Evanston’s first air quality study has generated a massive amount of material at its halfway point of three months.
Consultants from RHP Risk Management, the firm the City brought in to conduct the $272,000 study, released some raw figures at a community meeting at Fleetwood Jourdain Community Center on Aug. 29.
In the first three months, the five monitoring stations the firm has installed around a waste transfer station at 1711 Church St. have collected 12 million data points, officials said. The small sensor technology, available only recently, can record the gases on a minute-to-minute basis, said Jacob Persky, a principal with RHP and its co-founder.
“We’re at about the halfway point. We expect to have about 25 million [data points],” Dr. Persky told an audience of about 20 people. “So I hope that gives you an appreciation of why we’re waiting until the end to do the analysis on time. It’s a tremendous amount of statistical analysis to tease the numbers to understand what’s truly an interest.”
Dr. Persky presented some of the raw data at the meeting just to underscore how the numbers taken out of context could lead to wrong conclusions. Presenting figures for just one of the pollutants studied – “just standing back at a distance you are eyeballing it and saying, ‘Huh, it looks like things are good – all these data points are well below the red line,” he said, “but that isn’t an appropriate comparison.”
The data may have been collected over a time frame different from Evanston’s, he noted. It may not have taken into account weather conditions, which are also being recorded.

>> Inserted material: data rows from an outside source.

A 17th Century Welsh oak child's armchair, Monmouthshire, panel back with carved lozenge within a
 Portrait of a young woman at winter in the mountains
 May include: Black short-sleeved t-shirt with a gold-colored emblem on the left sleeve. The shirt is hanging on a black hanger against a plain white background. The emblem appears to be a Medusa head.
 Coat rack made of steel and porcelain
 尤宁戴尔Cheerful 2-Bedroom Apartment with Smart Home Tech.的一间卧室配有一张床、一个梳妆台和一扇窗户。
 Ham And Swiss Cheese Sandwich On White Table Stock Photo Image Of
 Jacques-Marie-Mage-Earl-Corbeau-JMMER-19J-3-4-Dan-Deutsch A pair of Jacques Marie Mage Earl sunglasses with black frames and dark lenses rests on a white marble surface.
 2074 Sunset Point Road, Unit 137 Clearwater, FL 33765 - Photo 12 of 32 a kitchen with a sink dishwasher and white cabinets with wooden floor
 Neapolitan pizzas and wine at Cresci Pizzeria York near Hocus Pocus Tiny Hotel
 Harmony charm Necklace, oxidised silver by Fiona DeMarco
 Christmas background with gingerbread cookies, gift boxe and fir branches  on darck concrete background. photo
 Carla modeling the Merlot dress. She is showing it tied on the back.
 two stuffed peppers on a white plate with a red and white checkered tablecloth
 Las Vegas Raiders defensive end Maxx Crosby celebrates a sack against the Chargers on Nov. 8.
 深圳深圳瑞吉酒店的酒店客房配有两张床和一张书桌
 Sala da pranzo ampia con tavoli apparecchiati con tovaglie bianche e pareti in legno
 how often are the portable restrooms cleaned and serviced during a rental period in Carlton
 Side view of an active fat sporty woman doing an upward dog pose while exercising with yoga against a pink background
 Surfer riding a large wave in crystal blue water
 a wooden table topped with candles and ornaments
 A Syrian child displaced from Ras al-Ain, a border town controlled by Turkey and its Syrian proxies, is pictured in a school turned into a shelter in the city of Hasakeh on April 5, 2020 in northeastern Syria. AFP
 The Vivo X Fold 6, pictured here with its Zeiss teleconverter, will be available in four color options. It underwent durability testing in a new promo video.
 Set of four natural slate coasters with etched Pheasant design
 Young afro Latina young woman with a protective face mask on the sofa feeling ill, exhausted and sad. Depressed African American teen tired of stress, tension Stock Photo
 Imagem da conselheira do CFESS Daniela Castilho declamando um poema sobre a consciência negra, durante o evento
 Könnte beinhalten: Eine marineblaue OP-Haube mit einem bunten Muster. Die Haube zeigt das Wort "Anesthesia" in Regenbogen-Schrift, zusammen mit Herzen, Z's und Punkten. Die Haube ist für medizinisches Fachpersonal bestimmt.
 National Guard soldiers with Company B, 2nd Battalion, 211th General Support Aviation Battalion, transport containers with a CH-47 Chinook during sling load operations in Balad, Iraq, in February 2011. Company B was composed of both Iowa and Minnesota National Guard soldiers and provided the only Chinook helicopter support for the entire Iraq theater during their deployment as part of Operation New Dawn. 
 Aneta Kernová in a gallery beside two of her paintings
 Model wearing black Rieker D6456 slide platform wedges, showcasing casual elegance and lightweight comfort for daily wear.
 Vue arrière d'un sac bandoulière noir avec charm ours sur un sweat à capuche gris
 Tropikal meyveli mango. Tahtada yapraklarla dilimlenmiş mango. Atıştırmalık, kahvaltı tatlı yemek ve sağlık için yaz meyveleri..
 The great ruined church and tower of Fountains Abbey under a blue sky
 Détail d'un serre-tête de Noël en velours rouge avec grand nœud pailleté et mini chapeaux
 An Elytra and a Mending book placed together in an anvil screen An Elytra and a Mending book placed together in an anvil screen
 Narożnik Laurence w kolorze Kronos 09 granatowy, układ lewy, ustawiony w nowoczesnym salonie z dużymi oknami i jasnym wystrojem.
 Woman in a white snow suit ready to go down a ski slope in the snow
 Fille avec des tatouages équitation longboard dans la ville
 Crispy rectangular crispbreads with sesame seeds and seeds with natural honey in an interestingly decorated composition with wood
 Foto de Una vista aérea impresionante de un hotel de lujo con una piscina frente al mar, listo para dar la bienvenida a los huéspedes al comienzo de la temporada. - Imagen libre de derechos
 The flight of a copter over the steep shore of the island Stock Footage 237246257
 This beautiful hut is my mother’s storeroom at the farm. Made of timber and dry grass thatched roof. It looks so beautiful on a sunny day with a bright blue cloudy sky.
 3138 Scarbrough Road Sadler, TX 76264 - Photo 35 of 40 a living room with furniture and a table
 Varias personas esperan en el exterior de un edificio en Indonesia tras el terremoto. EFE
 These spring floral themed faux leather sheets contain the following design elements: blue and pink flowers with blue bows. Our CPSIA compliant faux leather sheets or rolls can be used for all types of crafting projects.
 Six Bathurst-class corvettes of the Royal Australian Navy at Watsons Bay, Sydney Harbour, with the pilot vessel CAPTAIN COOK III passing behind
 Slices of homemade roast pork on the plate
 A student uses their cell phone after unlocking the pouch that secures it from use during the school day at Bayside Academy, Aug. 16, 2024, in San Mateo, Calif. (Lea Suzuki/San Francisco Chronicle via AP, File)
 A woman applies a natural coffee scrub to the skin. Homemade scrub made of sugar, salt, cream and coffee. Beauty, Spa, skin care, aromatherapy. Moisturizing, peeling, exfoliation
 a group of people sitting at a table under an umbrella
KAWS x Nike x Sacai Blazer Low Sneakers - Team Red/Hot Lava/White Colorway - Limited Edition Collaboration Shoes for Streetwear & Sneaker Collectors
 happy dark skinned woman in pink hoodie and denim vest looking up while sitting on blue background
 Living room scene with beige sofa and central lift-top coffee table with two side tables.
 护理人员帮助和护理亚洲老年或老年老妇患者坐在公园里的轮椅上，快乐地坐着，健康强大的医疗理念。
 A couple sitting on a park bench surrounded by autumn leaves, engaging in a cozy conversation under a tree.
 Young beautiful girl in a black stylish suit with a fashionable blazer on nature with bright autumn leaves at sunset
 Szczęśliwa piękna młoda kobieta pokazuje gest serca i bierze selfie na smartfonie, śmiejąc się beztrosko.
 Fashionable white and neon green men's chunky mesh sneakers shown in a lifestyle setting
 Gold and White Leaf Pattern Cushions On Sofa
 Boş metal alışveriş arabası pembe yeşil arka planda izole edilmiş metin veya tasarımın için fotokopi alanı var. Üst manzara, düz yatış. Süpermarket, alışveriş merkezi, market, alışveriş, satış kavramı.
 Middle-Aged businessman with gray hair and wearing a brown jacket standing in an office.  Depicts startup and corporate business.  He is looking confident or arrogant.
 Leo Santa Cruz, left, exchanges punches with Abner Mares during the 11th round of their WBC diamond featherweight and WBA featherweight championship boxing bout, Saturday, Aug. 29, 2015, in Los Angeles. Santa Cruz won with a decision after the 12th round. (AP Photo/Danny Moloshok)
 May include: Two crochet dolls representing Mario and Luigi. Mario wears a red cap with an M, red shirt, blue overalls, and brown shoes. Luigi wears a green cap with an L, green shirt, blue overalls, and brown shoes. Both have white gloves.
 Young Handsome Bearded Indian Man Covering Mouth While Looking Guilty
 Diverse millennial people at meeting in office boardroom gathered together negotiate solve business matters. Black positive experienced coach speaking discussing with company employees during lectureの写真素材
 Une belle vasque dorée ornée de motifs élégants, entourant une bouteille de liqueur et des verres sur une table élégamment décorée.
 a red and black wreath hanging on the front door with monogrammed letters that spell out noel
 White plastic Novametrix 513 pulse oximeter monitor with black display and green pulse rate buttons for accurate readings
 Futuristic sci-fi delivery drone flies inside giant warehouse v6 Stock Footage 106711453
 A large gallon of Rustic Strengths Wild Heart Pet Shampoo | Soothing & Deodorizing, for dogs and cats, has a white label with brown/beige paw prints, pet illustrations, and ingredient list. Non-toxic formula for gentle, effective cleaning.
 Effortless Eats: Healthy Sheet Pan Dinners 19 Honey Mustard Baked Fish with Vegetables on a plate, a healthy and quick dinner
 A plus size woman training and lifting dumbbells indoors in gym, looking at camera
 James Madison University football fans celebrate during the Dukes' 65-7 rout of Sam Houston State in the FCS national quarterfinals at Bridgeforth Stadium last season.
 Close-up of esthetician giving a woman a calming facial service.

In addition, the data, in raw form, do not take into account special contributing factors. On July 4, for instance, particulates in the air can show sharp increases because of all the fireworks going off.
At the meeting, Kumar Jensen, the City’s Chief Sustainability and Resilience Officer and Project Manager for the study, said the study was intended as a first analysis, “and one of the products of the outcome of this study will be recommendations by RHP what additional work can be done. If there should be additional studies, if there needs to be other types of equipment, that can be part of staff’s request.”
The current study is focused only on whether the transfer station may be a source of pollutants. It does not cover an assessment of the meaning and significance of local air quality measurements from public health or health risk perspectives, RHP and City officials stressed in their presentations.
That would have to be the subject of a second study and would assess the sensors’ findings against the USEPA's monitors used in EPA monitors across the country.
According to the study’s timeline, data collection is to end Nov.13. A community meeting is to be held some time after Nov. 30 to discuss results.
A final report is to be issued in December of this year.
In the meantime, up-to-date information about the study, is available at cityofevanston.org/transfer station. The data analysis completed by RHP on collected air quality can be viewed at evanstonair.info.